My take on illegal downloading
  In principle, I understand the record companies' objection to Napster; it does seem like it's cheating the performers and songwriters... oh, and the record companies... out of the revenues they're entitled to.  There are many struggling musicians who really need those royalties, and if Napster prevails in the courts, it will be a blow to many deserving people in the music industry.  Above all, though, I think it will be a blow to the record companies; in other words, the greatest losers will be businessmen and executives, not creative artists.  And if the record industry executives had treated their customers right all these years, then maybe they wouldn't have so much to fear from Napster, MP3.com, and the like.  I think that everyone of my generation can relate to taking their allowance to the record store to buy a 45-rpm single, then discovering, once it was on the record player, that they had purchased the abbreviated "single edit".  Presumably, the record companies created single edits because they hoped that the eviscerated songs on 45s (or on "greatest hits" collections) would motivate the buyer to purchase a redundant copy of the song by buying the original album.  I remember buying a cd by Don Mclean entitled "American Pie and other hits".  Nothing on the cd cover told me that the version of "American Pie" it contained was about half the length of the original (I'm surprised there's not a truth-in-advertising law against that).  They didn't abridge the song because of space constraints; the cd contained less than 39 minutes of music.  Is it unreasonable to suspect that the record company is just trying to whet my appetite to buy the original cd containing the version of the song I've heard all my life on the radio?  An equally atrocious example is an Iron Butterfly greatest-hits cd that condenses their signature opus "In-A-Gadda-Da-Vida" from about twenty minutes to under four.
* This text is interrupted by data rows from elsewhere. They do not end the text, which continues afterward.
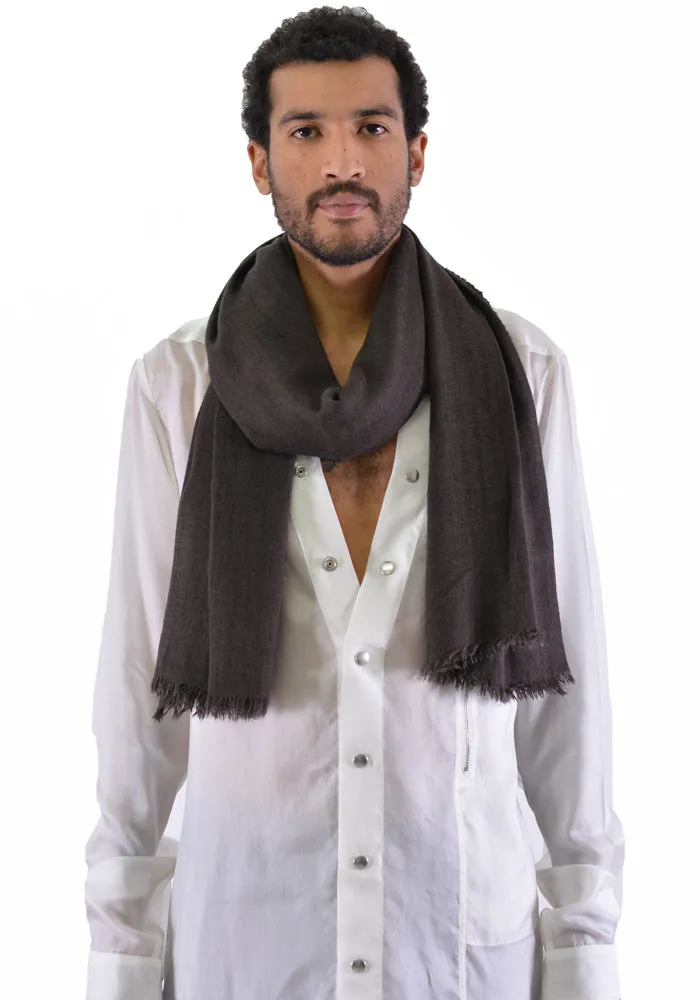 RICK OWENS RU20S7470 SCARF NEW LERA MEGA BRONZE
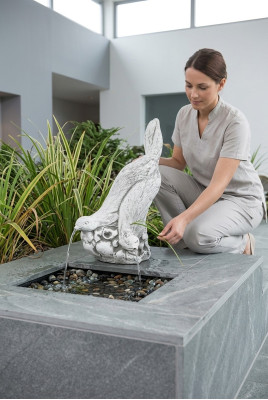 Décoration de jardin statuette de furet en fer sculpture figurines sculptures designer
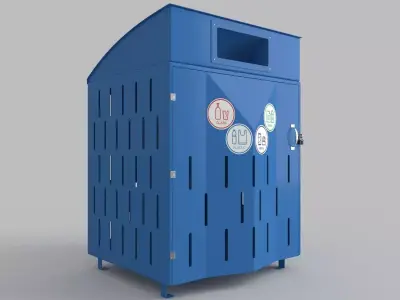 Garbage container 3D model shop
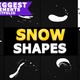 Snow Shapes Pack | Motion Graphics - VideoHive Item for Sale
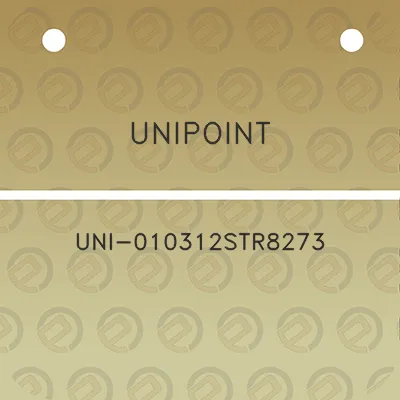 unipoint-uni-010312str8273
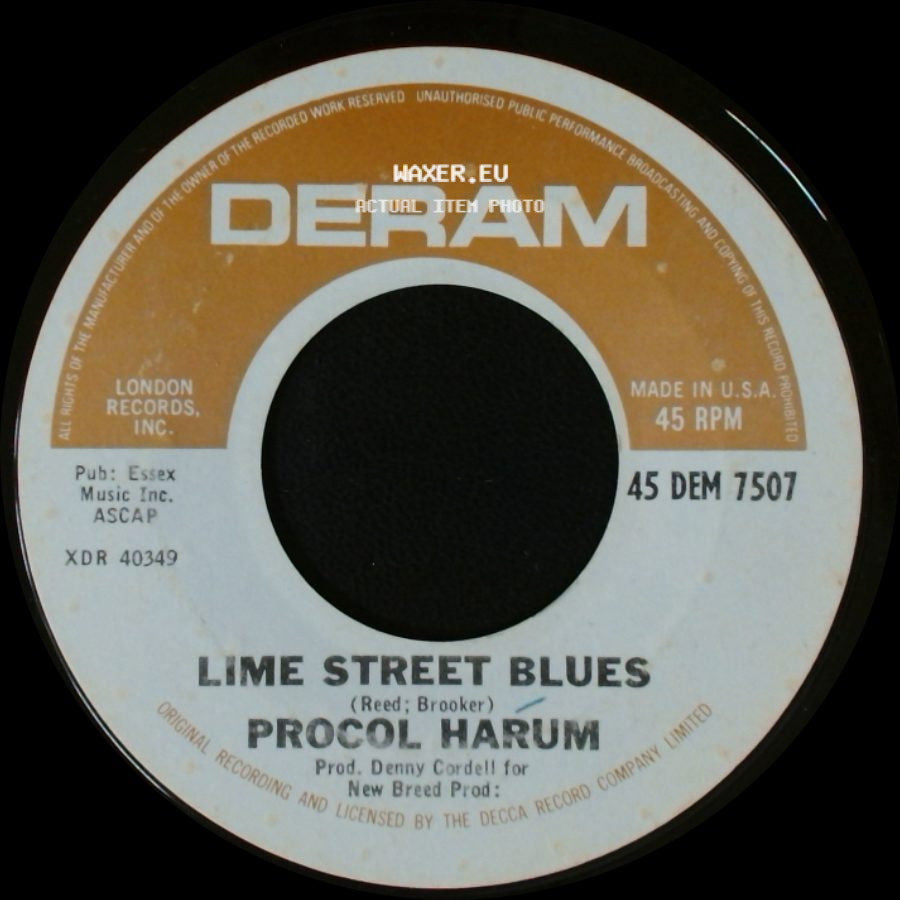 Procol Harum - Lime Street Blues / A Whiter Shade Of Pale side A
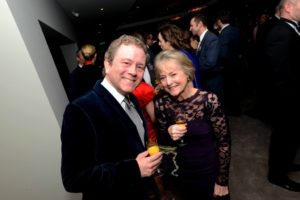 Jon Culshaw pictured at JET's fundraising dinner earlier this year with Dawn Egging, Jon's mother and JET trustee.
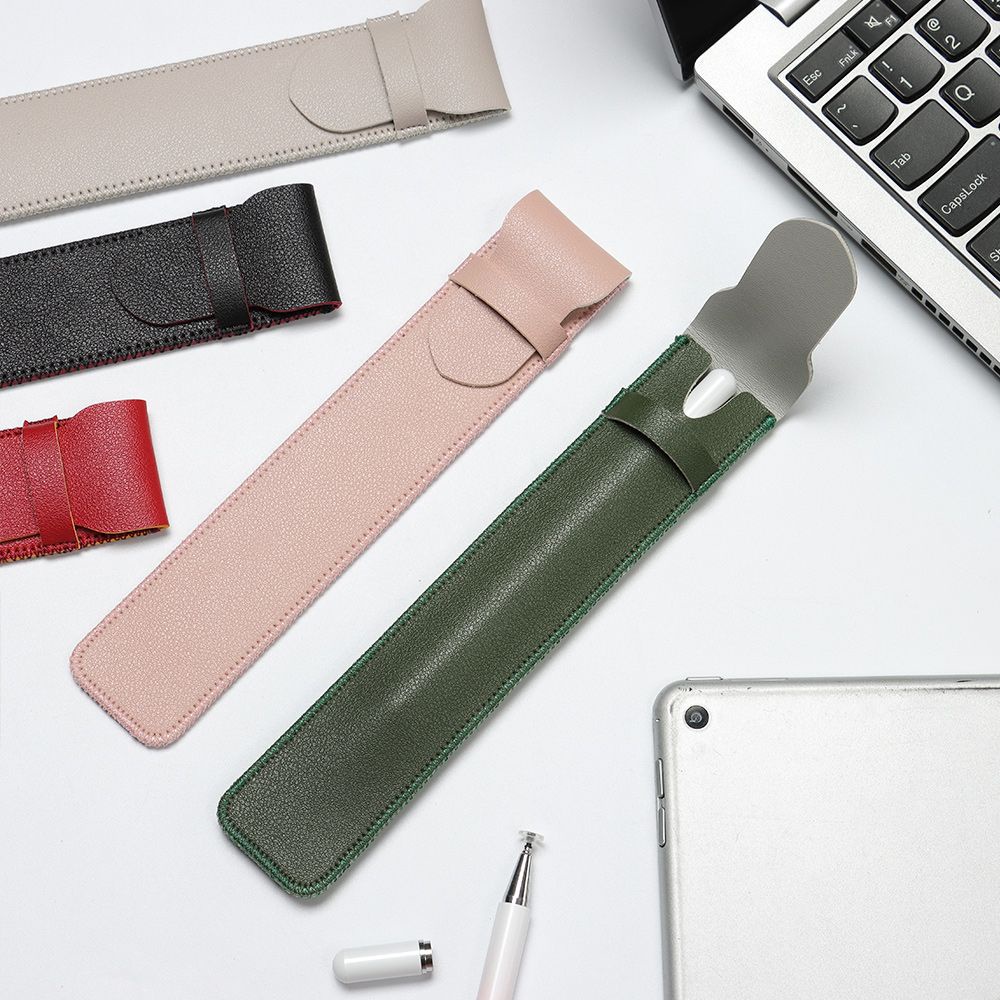 Túi đựng bút cảm ứng bằng da pu gọn nhẹ chống sốc thích hợp cho Apple Pencil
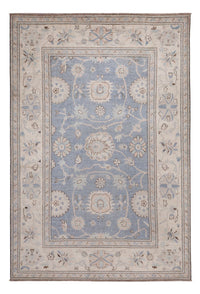 Usak Teppich 206x301cm - Orientteppich - hellblau – product image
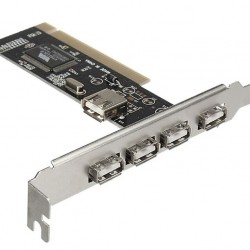 Pci 4+1 5 Port Usb 2.0 Çoklayıcı Çoğaltıcı Kart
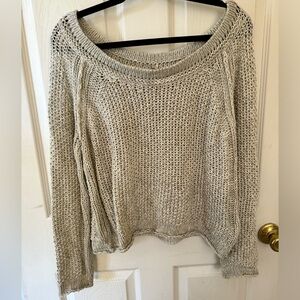 Free People knit loose fit sweater small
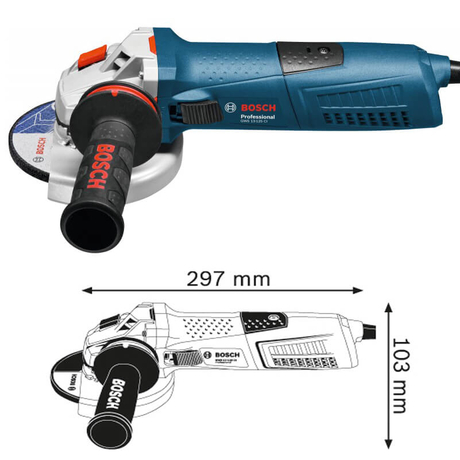 Máy mài góc công tắc trượt 1300W/125mm BOSCH 060179E002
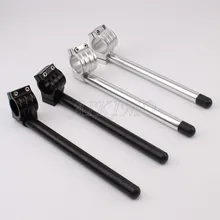 Универсальный зажим для Руля Мотоцикла 7/" 22 мм 31, 32, 33, 35, 37, 39, 41, 51 мм, ручки для ручек, серебро/черный алюминий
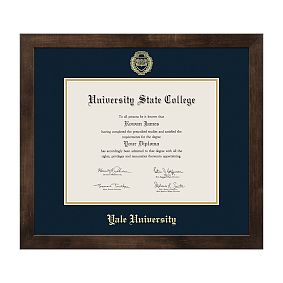 College Diploma Frame - Mocha Walnut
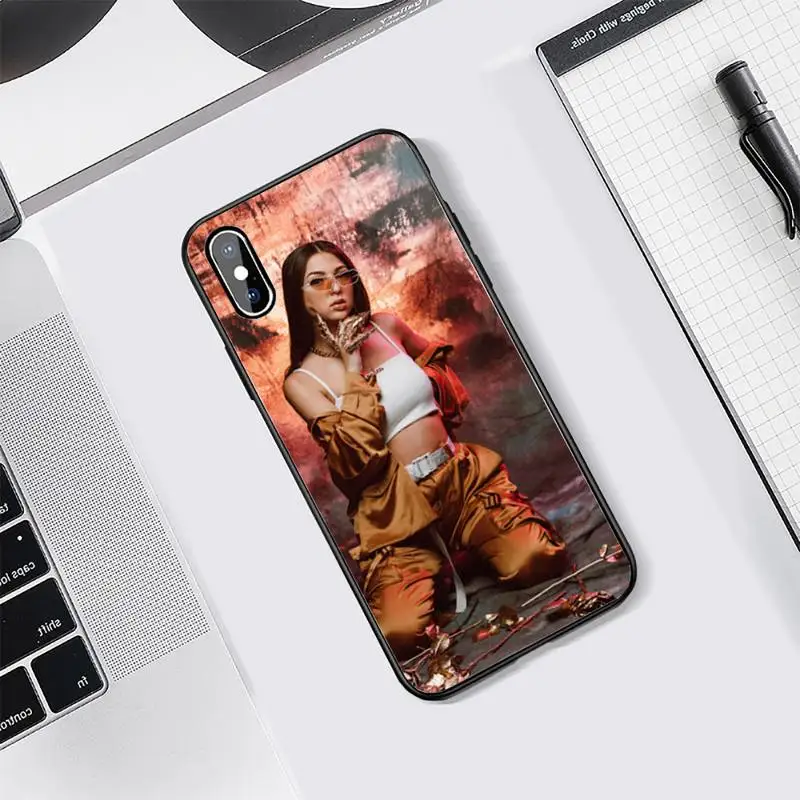 

eva queen singer luxury Phone Case coque Tempered glass For iphone 5C 6 6S 7 8 plus X XS XR 11 PRO MAX high quality capa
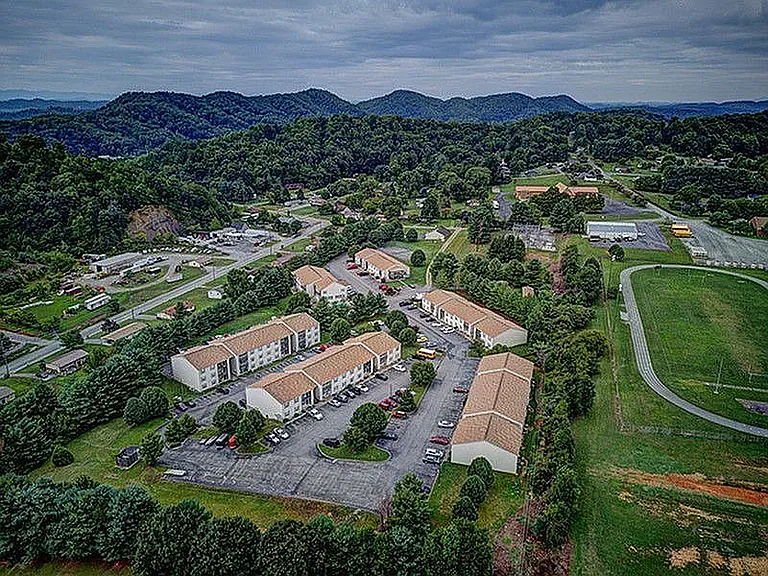 Aerial view of the community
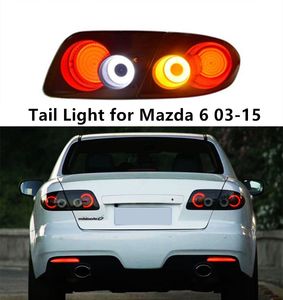 BIL TURS SIGNAL BAIK LIGHT FÖR MAZDA 6 LED TAILLIGHT 2003-2015 Bakre Running Reverse Lamp Automotive Accessories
  Suppose book publishers operated by the record industry's principles.  Suppose you waited for the paperback version of a best-seller because you didn't want to shell out $28 for the hardcover.  Then, when you bought the paperback, you discovered that the publisher had punished your stinginess by arbitrarily omitting chapters of the book.  Or maybe they would do their own version of the fade-out: after about three-quarters of the book, the ink would get lighter and lighter until all that remained were blank pages.  For those of us who love music, these analogies are appropriate.  In my opinion, the record companies haven't done much to earn our loyalty over the years.